That's right. "Remembrance of the Daleks" takes the Doctor and his charming but oddly dressed Companion Ace back to 1963 to visit that old junkyard and school that were the main sets for the very first episode. You know, the stuff of legend? Sadly, there wasn't a lot of time spent there back in the day, just the entirety of that very first part of "The Unearthly Child", but it still kinda gave me a few chills to see it.

My first reaction to this story? "Who is that girl in the appalling clothing and why is this adorkable Doctor traveling with her?!" It's really an inner battle as to whether I like Ace. For some reason, I love her voice and the way she speaks, but it absolutely does not match the horrible way she dresses, in all that black and with her TIGHTIGHT braid that makes it seem like she has no hair and is absolutely huge. And, really, she walks around everywhere carrying the giant boom box? I understand it was the 1980's, but REALLY?! I'm beginning to get why so many people are against John Nathan-Turner.

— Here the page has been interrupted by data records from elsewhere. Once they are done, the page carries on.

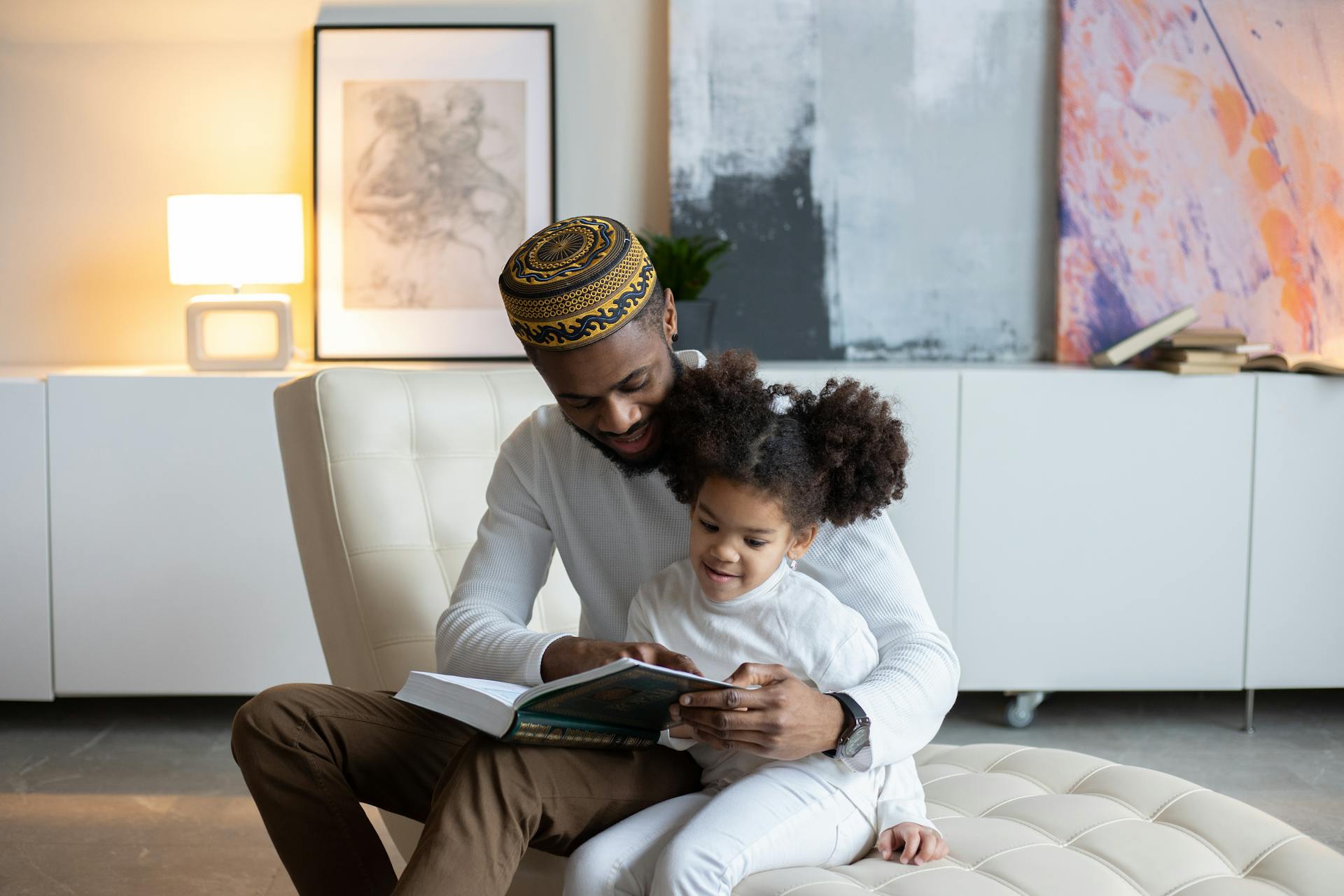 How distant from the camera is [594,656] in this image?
127 cm

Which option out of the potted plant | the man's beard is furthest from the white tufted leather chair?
the potted plant

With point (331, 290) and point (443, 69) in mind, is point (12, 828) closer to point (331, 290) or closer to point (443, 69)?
point (331, 290)

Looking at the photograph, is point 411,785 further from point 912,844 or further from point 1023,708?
point 1023,708

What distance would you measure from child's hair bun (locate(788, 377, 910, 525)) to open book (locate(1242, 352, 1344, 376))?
5.86 ft

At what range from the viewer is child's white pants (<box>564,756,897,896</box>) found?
1156mm

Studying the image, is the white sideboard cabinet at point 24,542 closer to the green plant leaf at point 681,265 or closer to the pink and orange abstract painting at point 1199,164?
the green plant leaf at point 681,265

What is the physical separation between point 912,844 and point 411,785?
572 millimetres

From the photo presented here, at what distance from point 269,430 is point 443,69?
1044 millimetres

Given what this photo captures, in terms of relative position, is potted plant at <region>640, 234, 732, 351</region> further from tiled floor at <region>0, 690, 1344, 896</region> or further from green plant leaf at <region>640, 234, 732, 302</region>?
tiled floor at <region>0, 690, 1344, 896</region>

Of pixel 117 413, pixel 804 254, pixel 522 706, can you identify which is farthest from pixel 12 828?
pixel 804 254

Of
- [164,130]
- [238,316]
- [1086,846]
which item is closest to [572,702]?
[1086,846]

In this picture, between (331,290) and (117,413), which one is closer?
(117,413)

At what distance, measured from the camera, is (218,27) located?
10.0 feet

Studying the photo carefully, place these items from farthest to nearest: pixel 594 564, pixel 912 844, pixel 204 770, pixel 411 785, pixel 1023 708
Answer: pixel 1023 708 → pixel 204 770 → pixel 594 564 → pixel 411 785 → pixel 912 844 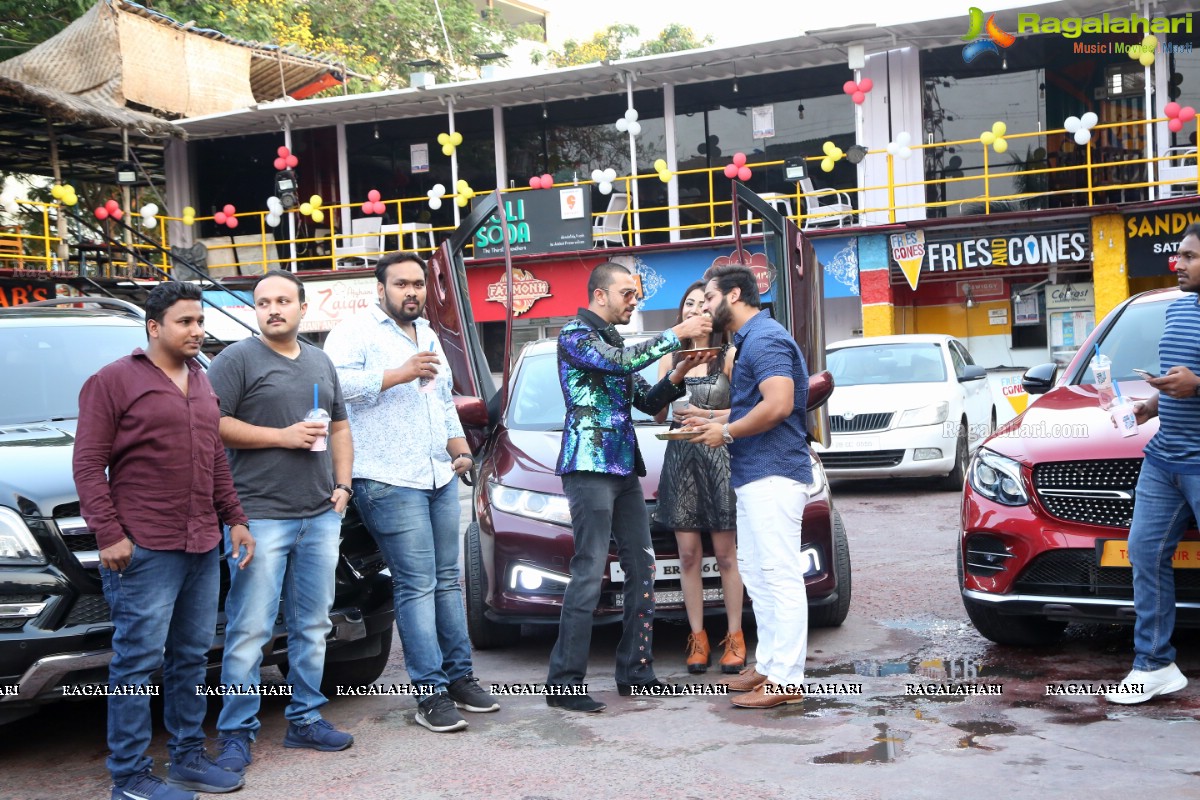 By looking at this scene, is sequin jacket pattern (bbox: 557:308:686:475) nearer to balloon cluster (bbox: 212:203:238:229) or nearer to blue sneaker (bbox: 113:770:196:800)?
blue sneaker (bbox: 113:770:196:800)

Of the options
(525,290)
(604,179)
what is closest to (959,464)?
(604,179)

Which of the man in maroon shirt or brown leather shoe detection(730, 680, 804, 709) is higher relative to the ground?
the man in maroon shirt

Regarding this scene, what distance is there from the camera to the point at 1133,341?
625cm

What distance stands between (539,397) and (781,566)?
2314 millimetres

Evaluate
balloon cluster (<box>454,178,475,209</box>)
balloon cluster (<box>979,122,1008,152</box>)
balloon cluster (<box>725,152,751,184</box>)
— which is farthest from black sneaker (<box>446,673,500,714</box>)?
balloon cluster (<box>454,178,475,209</box>)

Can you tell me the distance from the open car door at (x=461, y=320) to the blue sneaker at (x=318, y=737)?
1709 mm

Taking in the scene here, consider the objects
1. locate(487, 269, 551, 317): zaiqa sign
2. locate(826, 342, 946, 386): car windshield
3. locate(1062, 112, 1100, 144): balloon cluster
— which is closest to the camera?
locate(826, 342, 946, 386): car windshield

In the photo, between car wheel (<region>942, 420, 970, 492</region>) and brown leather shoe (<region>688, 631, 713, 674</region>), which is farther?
car wheel (<region>942, 420, 970, 492</region>)

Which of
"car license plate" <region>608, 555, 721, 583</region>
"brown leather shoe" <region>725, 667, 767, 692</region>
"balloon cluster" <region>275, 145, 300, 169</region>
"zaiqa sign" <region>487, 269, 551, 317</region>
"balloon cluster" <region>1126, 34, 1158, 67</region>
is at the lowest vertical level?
"brown leather shoe" <region>725, 667, 767, 692</region>

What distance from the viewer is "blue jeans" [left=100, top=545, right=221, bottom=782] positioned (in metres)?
4.01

I also gave a sigh of relief that the episode looks like late 1980's British television. There's just something about the quality and look of the film, the way things are shot... It was comforting to see it be so familiar, because I grew up watching episodes of the British sitcom Keeping Up Appearances, which lasted from 1990-1995 and has that same sort of look in the early years.

There is a remarkable military presence in this episode, and the Doctor uses some bombs that look like those now-fashionable aluminum water bottles. The whole thing struck me as very odd, so incredibly different from the Doctor of the 70's, but that's what so many people have complained about, isn't it?

THE DALEKS. They're also what made me watch this episode before any other featuring the Seventh Doctor. This is the very last appearance of the Daleks before the series went off-air, not to be seen again until 2005. AND AND AND DAVROS! Of course, the first time you see him, he's "in disguise", but anyone who knows Doctor Who knows it's Davros. What other villain has that insane voice and a Dalek rolly-chair?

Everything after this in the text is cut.